The Organisation for Economic Co-operation and Development (OECD) is an international association that provides a forum in which governments can work together to share experiences and seeks solutions to common problems.
Since 2012, they have created and released the World Happiness Report, a study measuring the 155-member country’s well-being. The OECD believe the happiness of a country’s people is a direct cause of social and economic development and works with countries to propel their financial and social status in the right direction. I’ve broken down the most important points for you, but there is a link to the report at the bottom of the article if you’re interested.
So, what makes people happy?
The OECD measures a person’s happiness through a series of questions getting and individual to evaluate their own life on a scale from 0 – 10. They do many other things as well to calculate the long-term effects of their studies, but that’s the gist of it.
According to their report, the main factors that make people happy are their levels of:
- Income, and
- Good governance
However, the 6 key variables that affect the factors above and help explain the measured differences between a country’s levels of happiness are:
- The GDP per capital
- Social support – the number of people in your community you can count on in times of need
- Healthy life expectancy
- Social freedom – the amount of freedom one has to choose what they do with their lives
- Generosity – people donating their time and money to help the community
- Absence of corruption in business and government
Who is happy?
The world’s average level of happiness is 5.310. The top three regions are Northern America & ANZ with a mean of 7.046, Western Europe at 6.593, and Latin America & the Caribbean at 6.342.
The bottom three regions are the Middle East & North Africa at 5.117, South Asia at 4.442, and Sub-Saharan Africa at 4.292.
The top ten happiest countries are:
- Norway – 7.537
- Denmark – 7.522
- Iceland – 7.504
- Switzerland – 7.494
- Finland – 7.469
- Netherlands – 7.377
- Canada – 7.316
- New Zealand – 7.314
- Australia – 7.284
- Sweden – 7.284
Other notable countries
14. United States – 6.993
16. Germany – 6.951
49. Russia – 5.63
79. China – 5.373
155. Central African Republic – 2.693 (Last)
Taking in the key variables mentioned above, it’s not surprising the top ten countries are all first-world progressive nations, and 16 of the bottom 20 countries are in Africa where social and economic development is the lowest.

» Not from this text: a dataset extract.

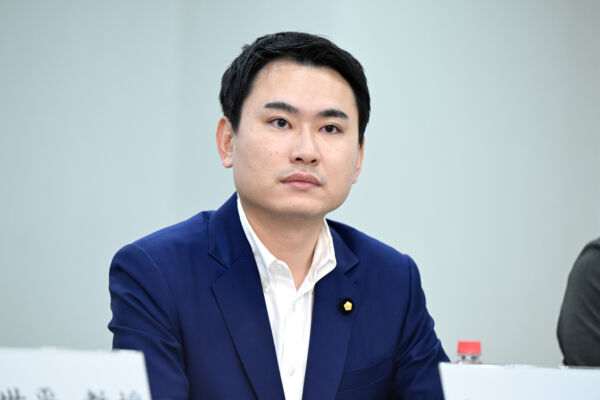 外媒报导罢免亲中立委失败 立委：忽视台湾民主复杂度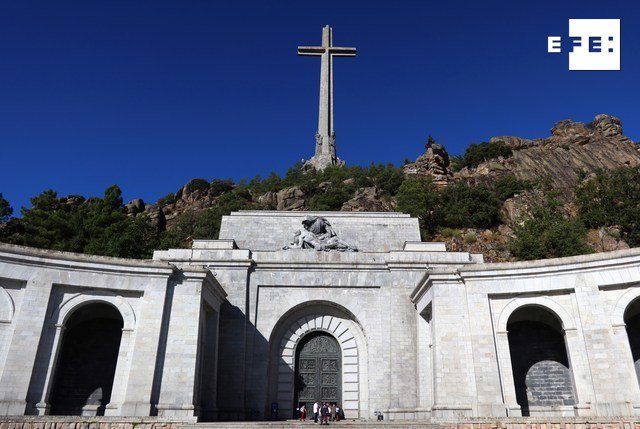 EFEnoticias's tweet photo. #URGENTE | El Supremo avala exhumar los restos de Franco para enterrarlos en El Pardo #MemoriaHistórica https://t.co/DKEtwnBdPk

Another notable statistic is that only 70 out of the 155 countries had increasing happiness levels (Canada actually decreasing by a small margin).
Is this data reliable?
Personal surveys are very subjective. However, happiness is a feeling so one’s subjective response is one of the only ways to can analyze it. You will get people taking part in the survey that are having great days and horrible days that would skew the results, but the OECD’s sample size was large enough to negate that issue.
Regarding accuracy, it makes a lot of sense when you look at the data. For example, the Ukraine’s happiness level went down almost an entire point over the past 10 years. What’s been going on in the Ukraine? Continuous riots and protest against the government and Russia taking Crimea. These issues have had a serious impact on all 6 of the key variables.
Compare that to Nicaragua, the country whose happiness has increased the most over the past 10 years (by 1.354). They’ve invested heavily in technology, infrastructure, and tourism. This has boosted the country’s economy, brought people from all over the world to explore the country and meet the people, and helped developed the social tolerance and standing of the nation.
The main takeaway
Any community looking to further itself has to take care of the people first. Create an environment where people feel free to take chances and be themselves, and the economic growth will follow.